▶ Records supplied:

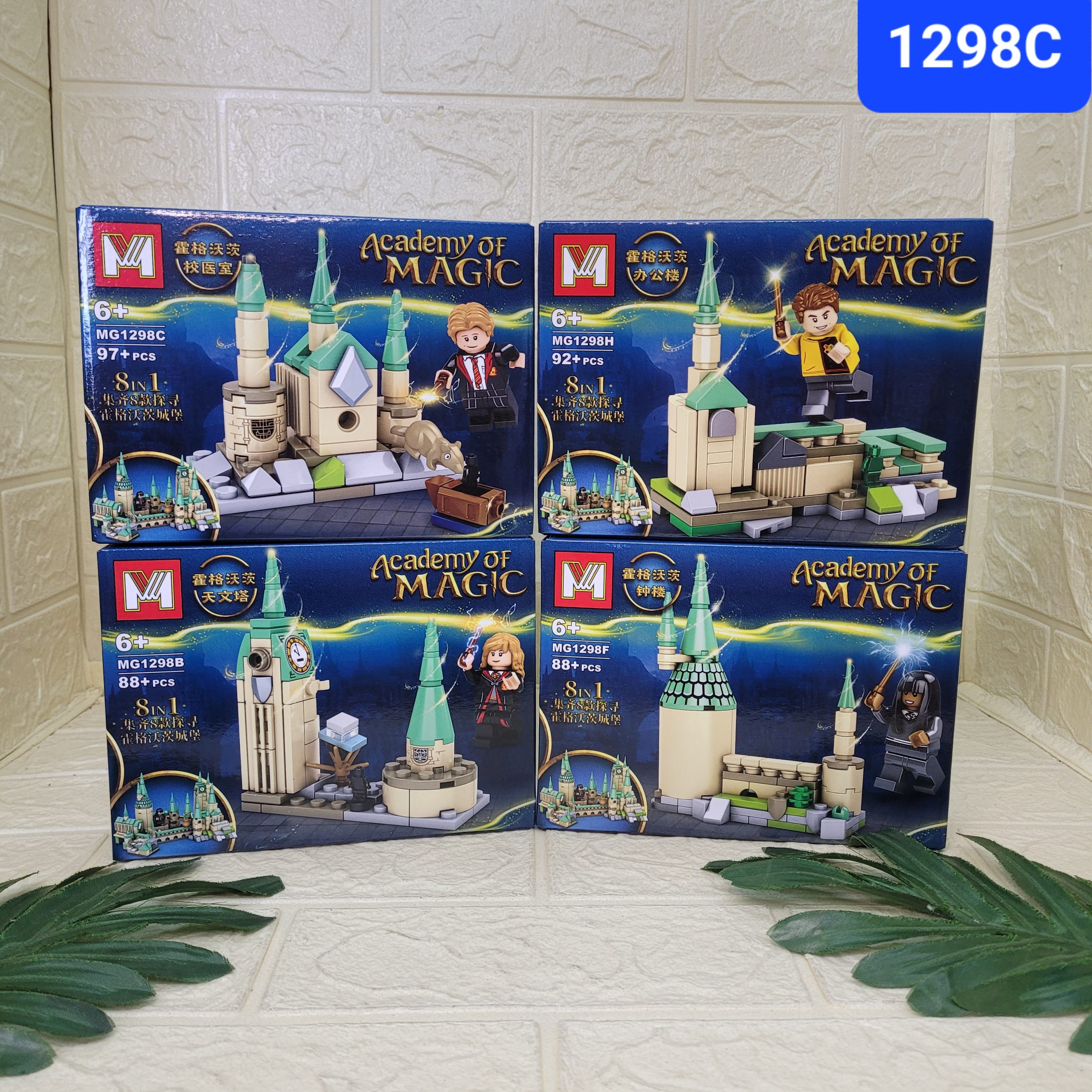 Конструктор  Academy of Magic 94дет. Арт. MG1298E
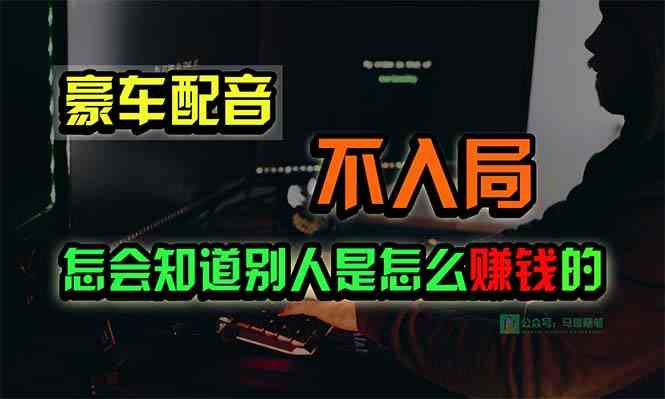 （10194期）豪车配音，一个惊掉下巴，闷声发财的小生意，日赚15万!!!-狂神云浏览专注活动，软件，教程分享！总之就是网络那些事。
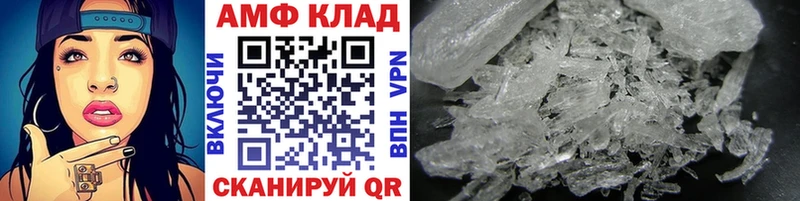 Первитин винт  Лысьва 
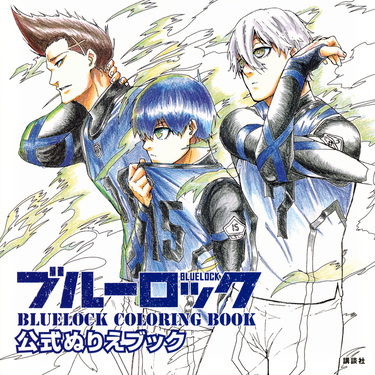 ブルーロック公式ぬりえブックBLUELOCK COLORING BOOK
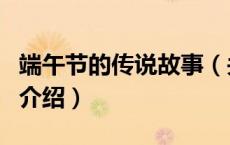端午节的传说故事（关于端午节的传说故事的介绍）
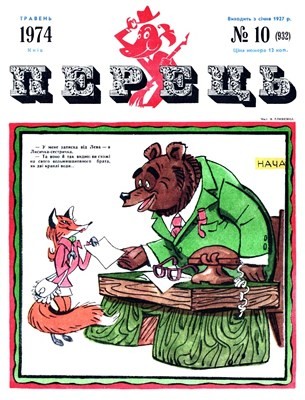 16803 perets 1974 n10 932 завантажити в PDF, DJVU, Epub, Fb2 та TxT форматах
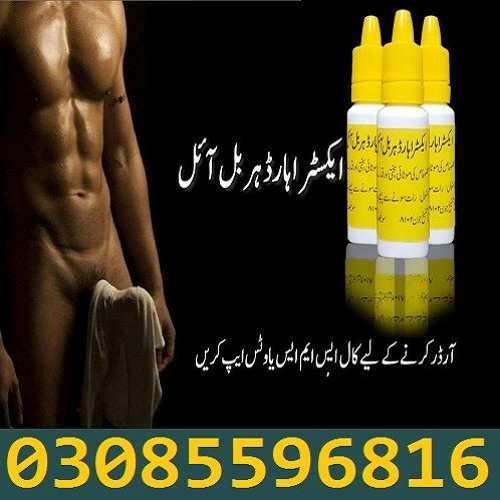 Extra Hard Herbal Oil in Faisalabad $ o3o85596816 Best Price & Sale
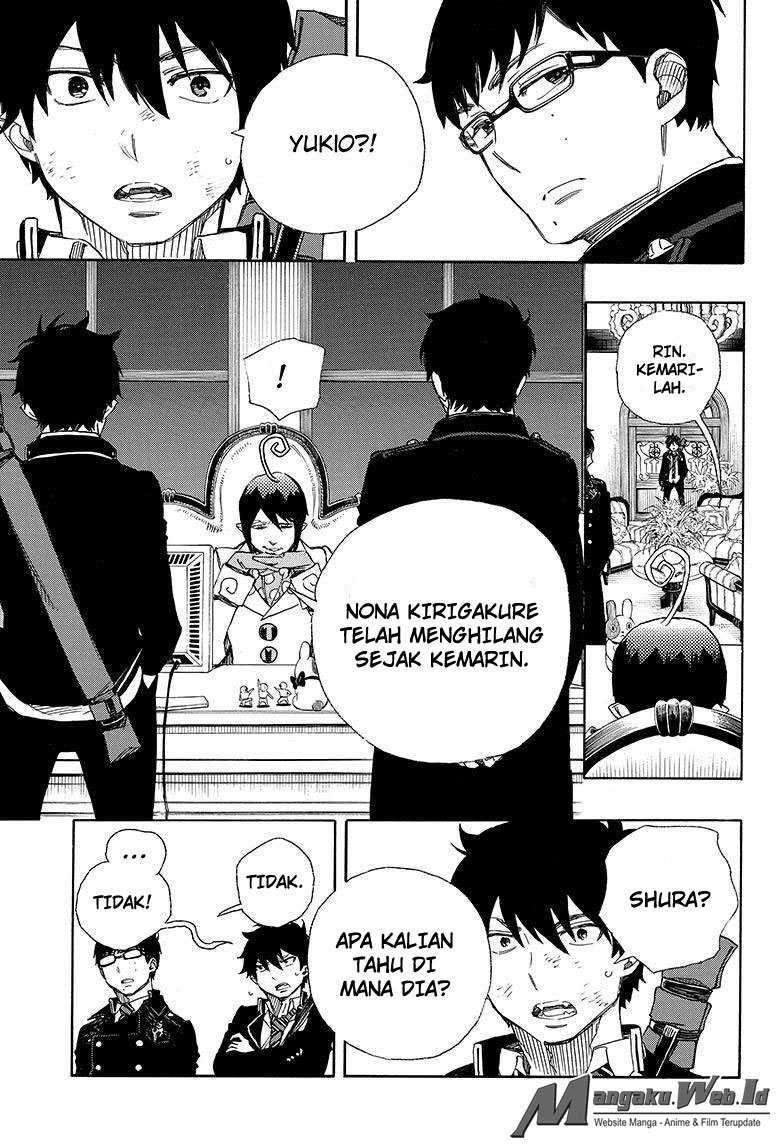 Ao no Exorcist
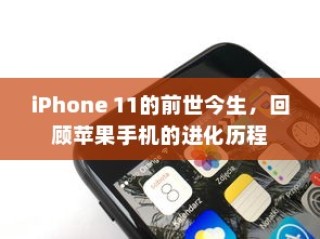 iPhone 11的前世今生，回顾苹果手机的进化历程
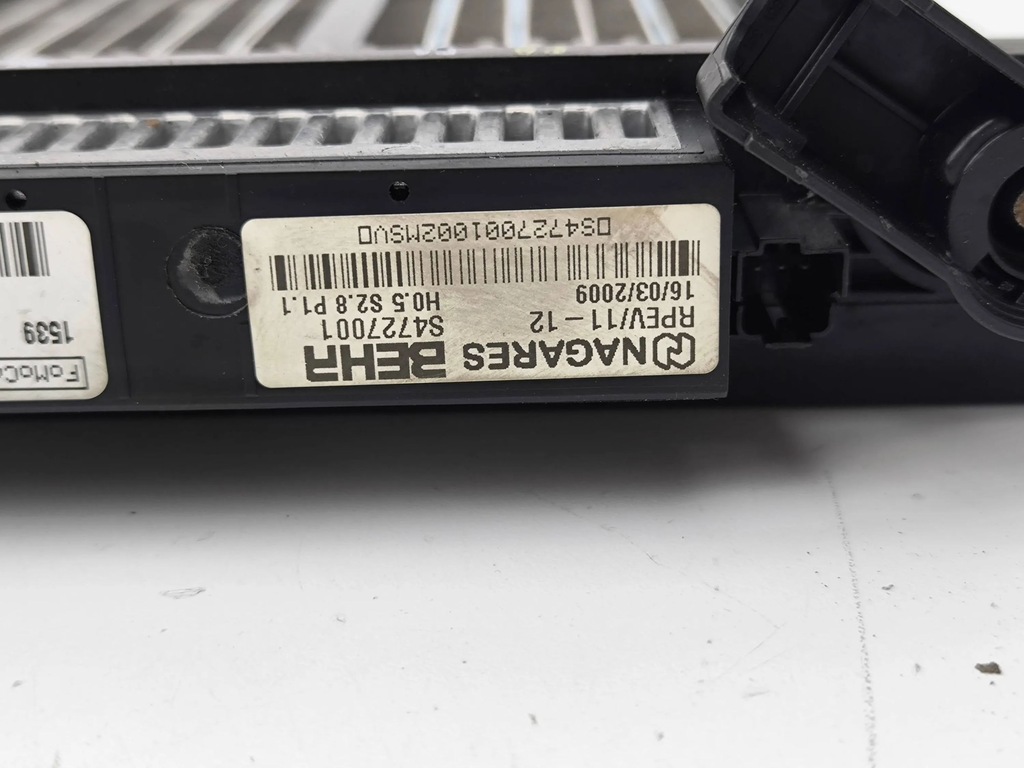 фото №7, Volvo v70 2008 нагреватель отопителя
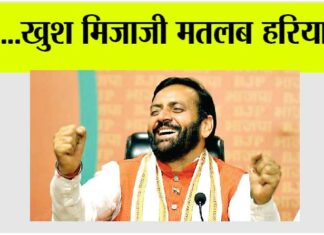 Happy Haryana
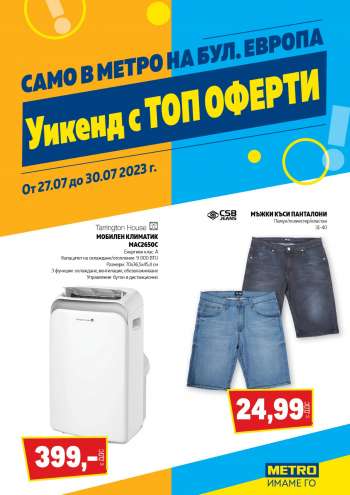 Брошура на МЕТРО - 27.07.2023 - 30.07.2023.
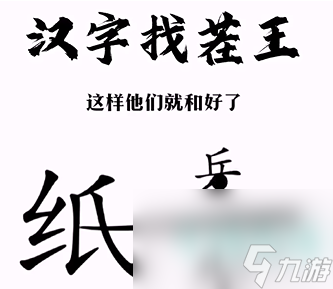 《汉字找茬王》纸上谈兵通关攻略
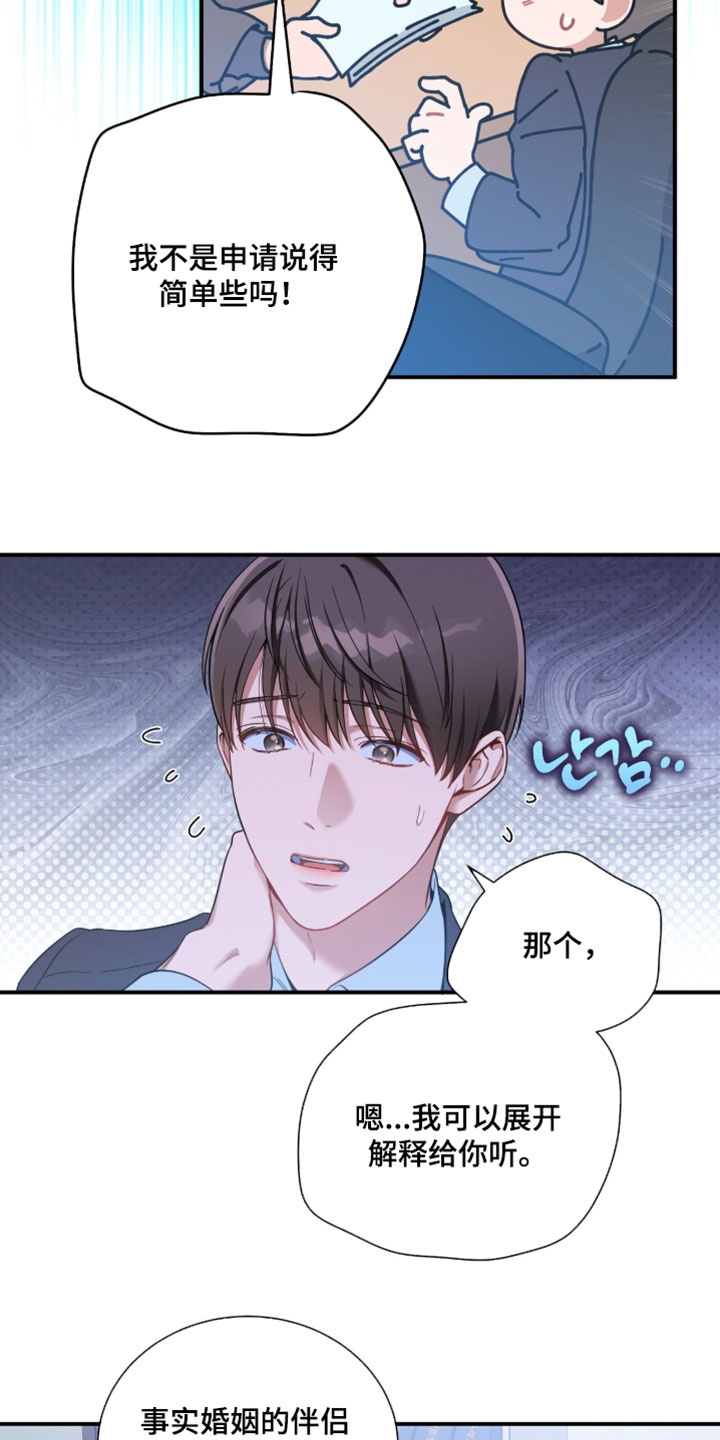 第230话1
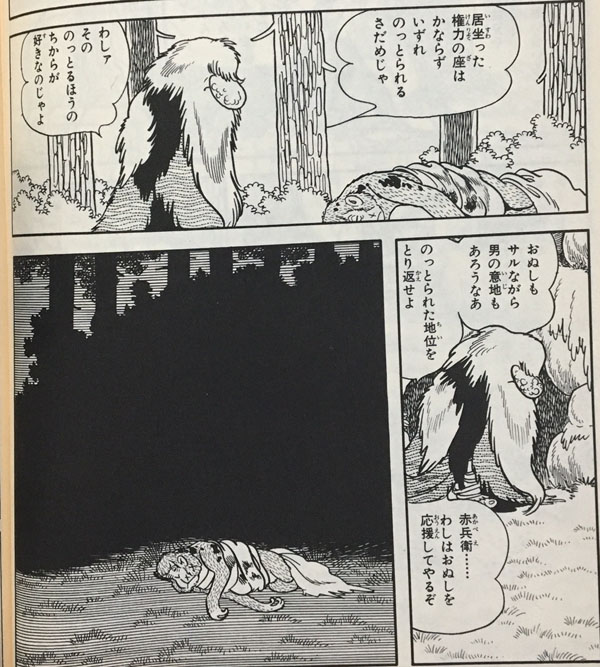 火の鳥 乱世編 から 新しい環境に焦らないで適応して自分の居場所を確立する方法を学ぼう マンガフル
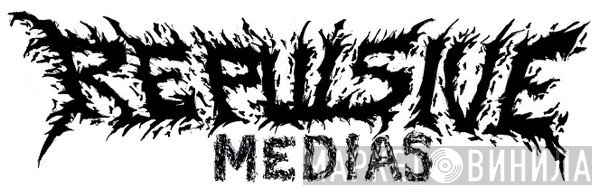 Repulsive Medias - Винил CD и Кассеты лейбла Repulsive Medias на сайте МаркетВинила
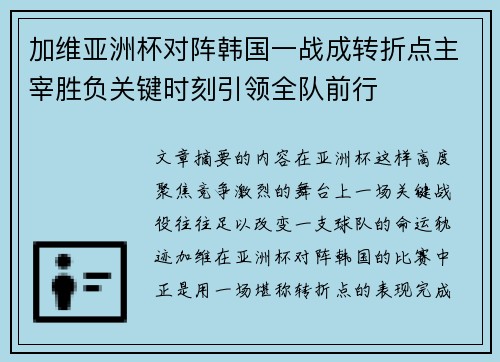 加维亚洲杯对阵韩国一战成转折点主宰胜负关键时刻引领全队前行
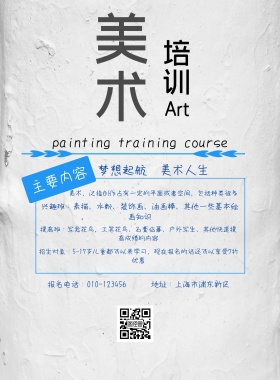 美术培训招生简约海报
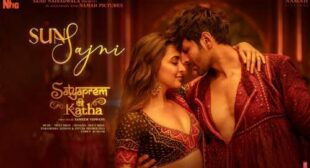 Sun Sajni Lyrics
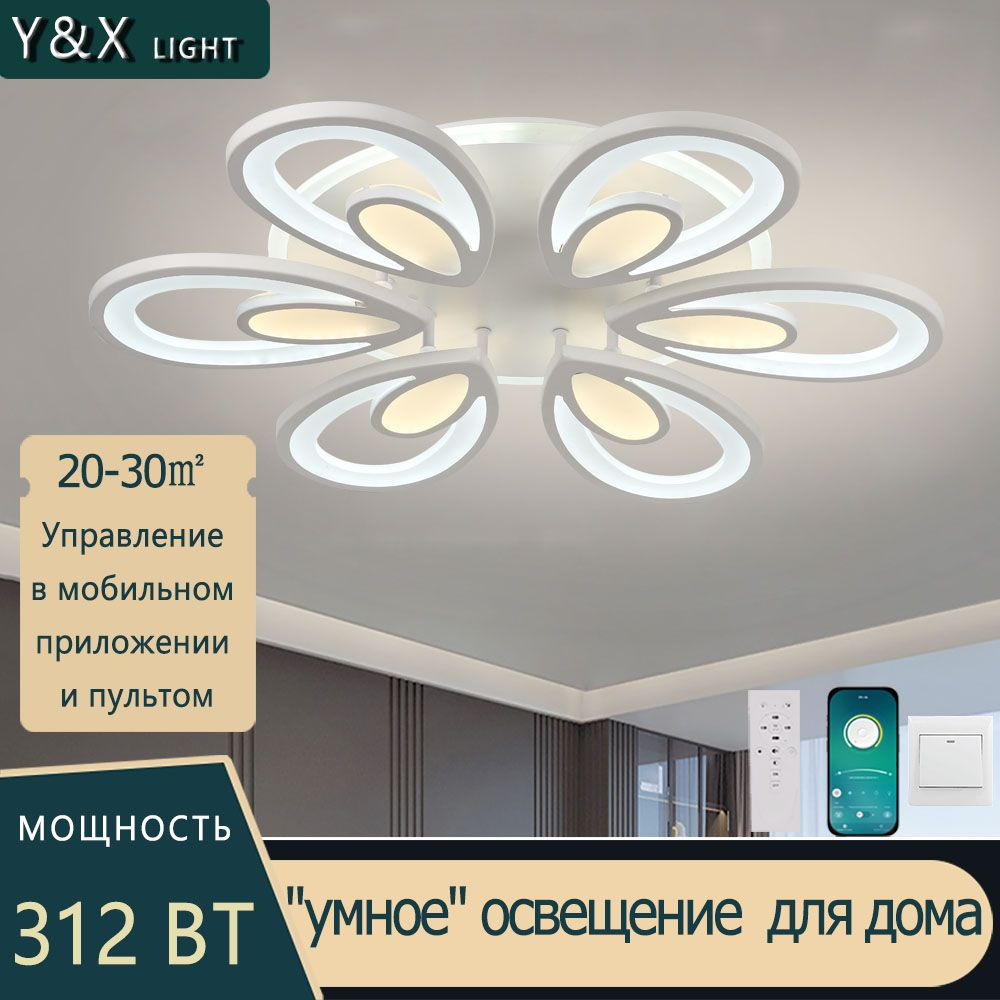 Y&X LIGHT Люстра потолочная, 218 Вт #1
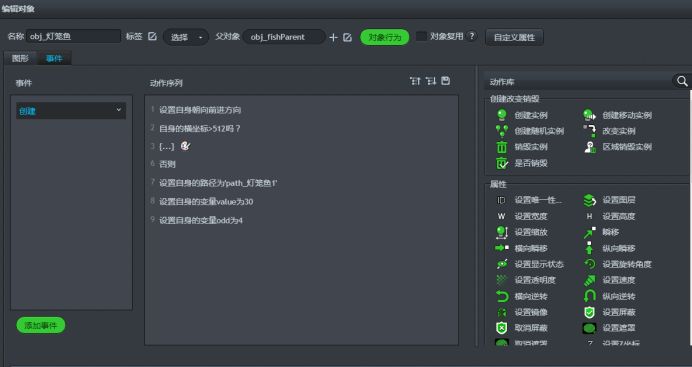 免编程游戏开发,哪些免编程的游戏开发软件
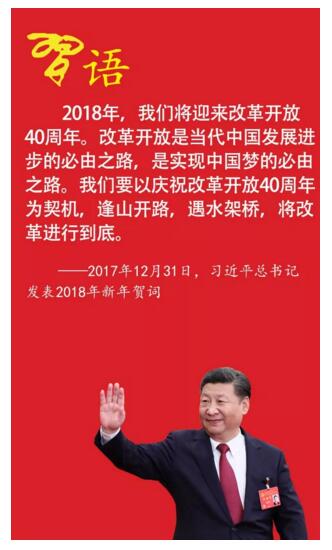 习近平强调坚定不移深化改革扩大开放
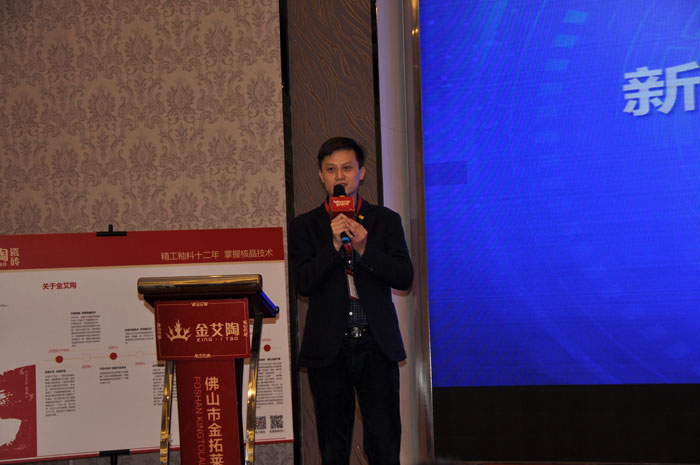 91看片的免费的网站陶中國陶瓷行業“O2O新零售”模式交流會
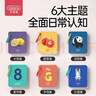 貝恩施寶寶認知卡早教啟蒙嬰幼兒看圖識字識物卡片玩具兒畢業(yè)禮物 曬單實(shí)拍圖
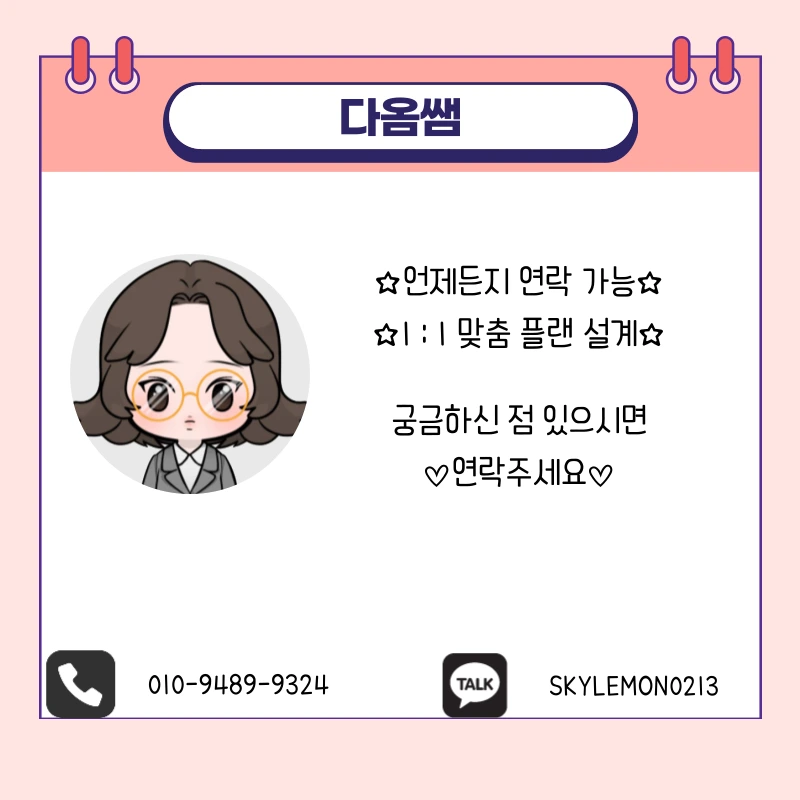 7_-_%EB%B3%B5%EC%82%AC%EB%B3%B8.png?type=w1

▶ Instructions for the task: Word for word, write out the lines above running from the one with "Extra Hard Herbal" up to and including the one with "火の鳥 乱世編 から 新しい環境に焦らないで適応して自分の居場所を確立する方法を学ぼう". Drop any picture.

▶ Task answer:
 Extra Hard Herbal Oil in Faisalabad $ o3o85596816 Best Price & Sale
 Ao no Exorcist
 iPhone 11的前世今生，回顾苹果手机的进化历程
 фото №7, Volvo v70 2008 нагреватель отопителя
 Happy Haryana
 Брошура на МЕТРО - 27.07.2023 - 30.07.2023.
 《汉字找茬王》纸上谈兵通关攻略
 第230话1
 火の鳥 乱世編 から 新しい環境に焦らないで適応して自分の居場所を確立する方法を学ぼう マンガフル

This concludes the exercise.